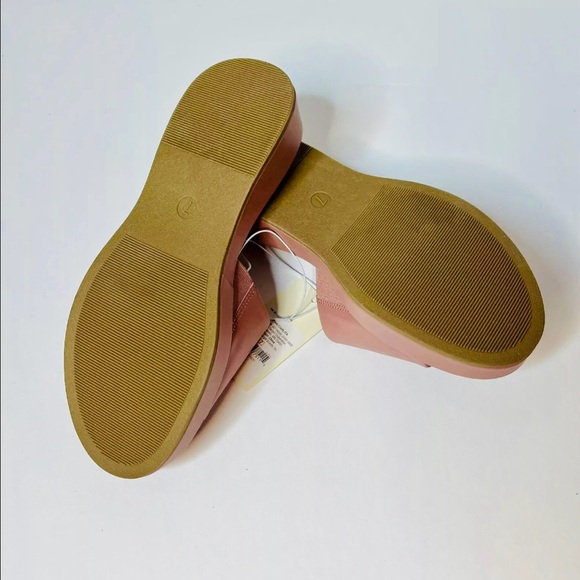 A New Day Women’s Pink Carlita Wedge Slip On Platform Slide Sandals NEW! - Picture 4 of 7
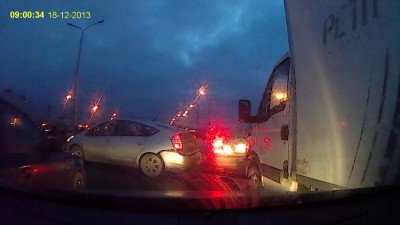 Удачное маневрирование на МКАД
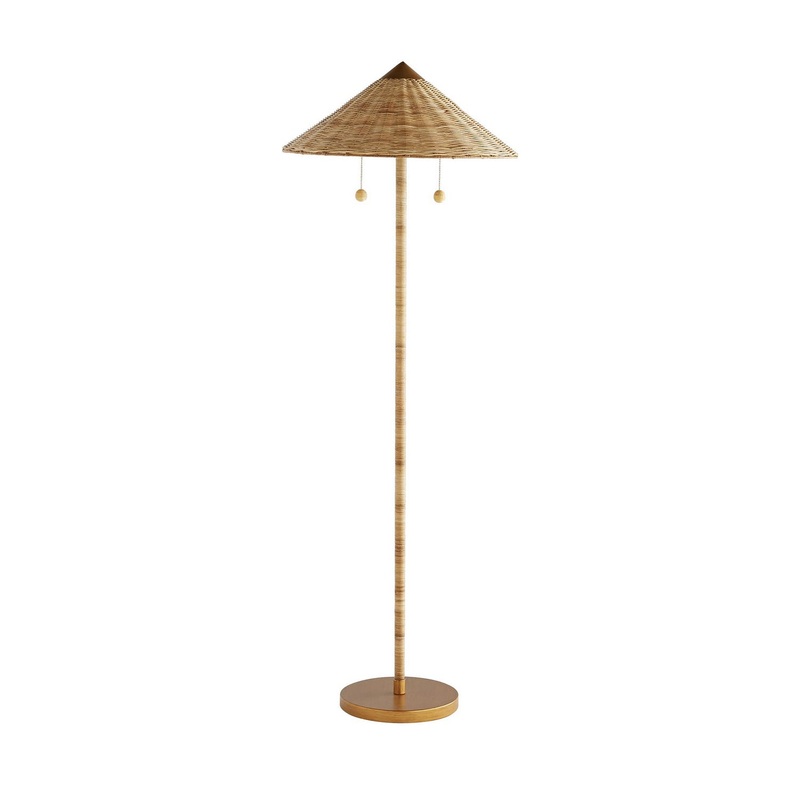 Arteriors DC79001 Terrace Two Light Floor Lamp Natural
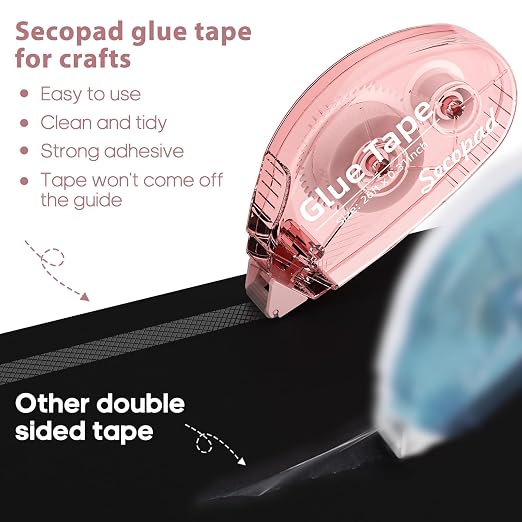 Secopad 8 Pack Scrapbook Tape, Double Sided Tape - Image 2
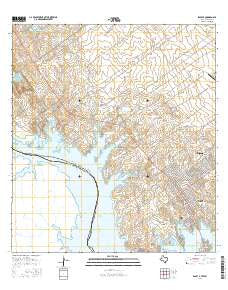 Zapata Texas Current topographic map, 1:24000 scale, 7.5 X 7.5 Minute, Year 2016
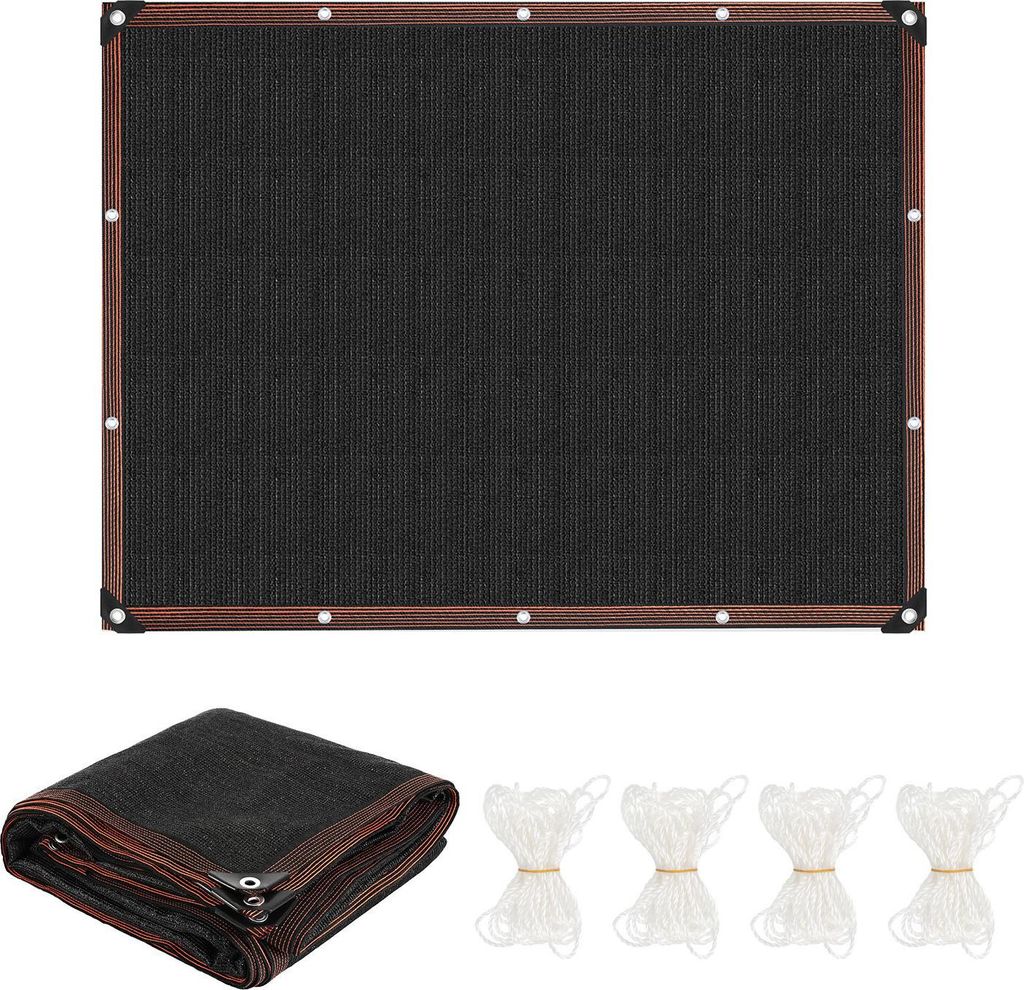 Faziango Schattiernetz 300x400 cm – Strapazierfähiges Sonnenschutznetz für Terrasse, Balkon & Garten schwarz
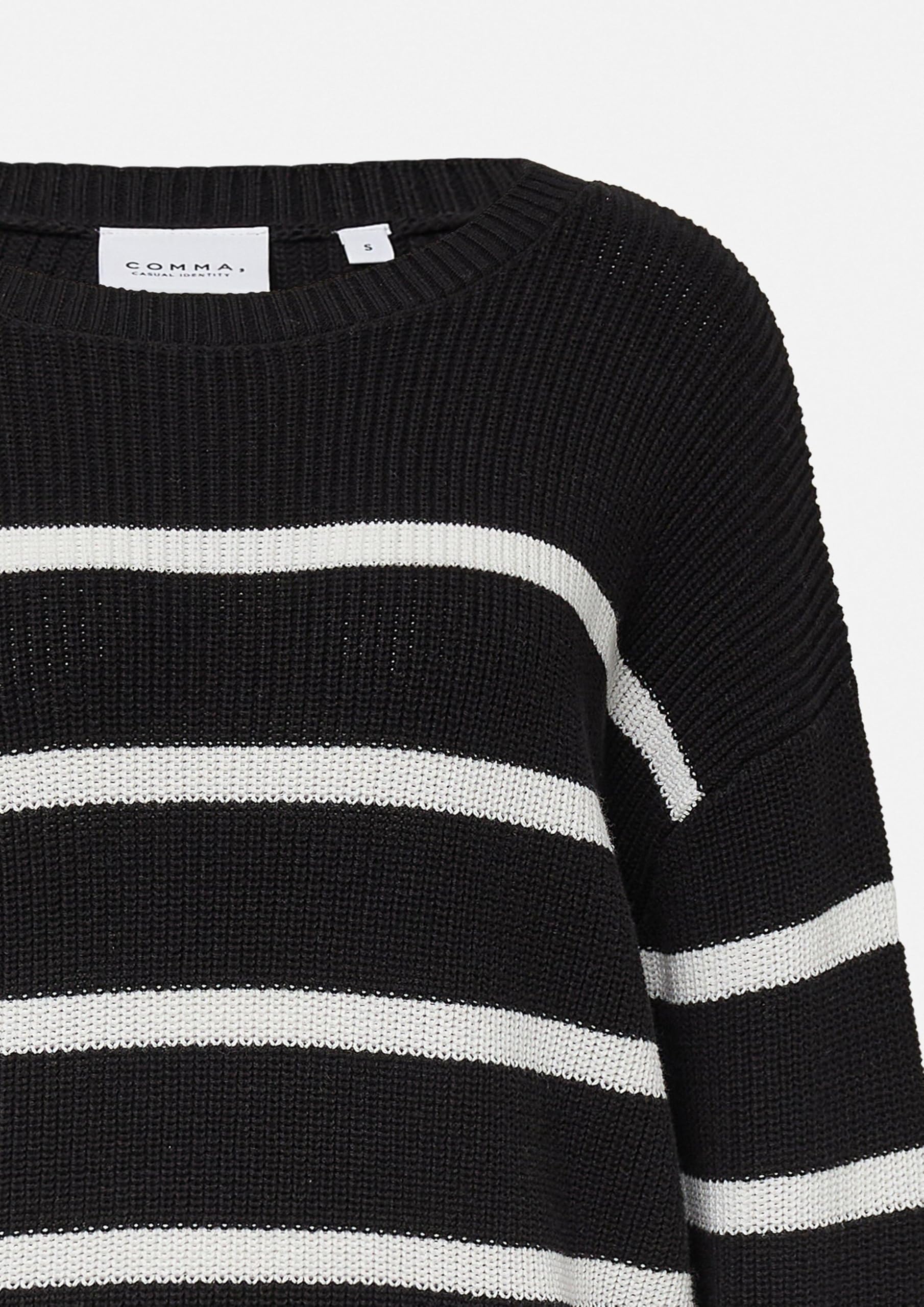 comma-knitwear-streifenpullover-relaxed-fit-pullover-gr-m image 6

────────

▸ Your goal:
Leaving every picture out, return the lines from the one containing "Faziango Schattiernetz 300x400" through the last line of the records exactly.

▸ Response to the exercise:
 Faziango Schattiernetz 300x400 cm – Strapazierfähiges Sonnenschutznetz für Terrasse, Balkon & Garten schwarz
 comma-knitwear-streifenpullover-relaxed-fit-pullover-gr-m image 6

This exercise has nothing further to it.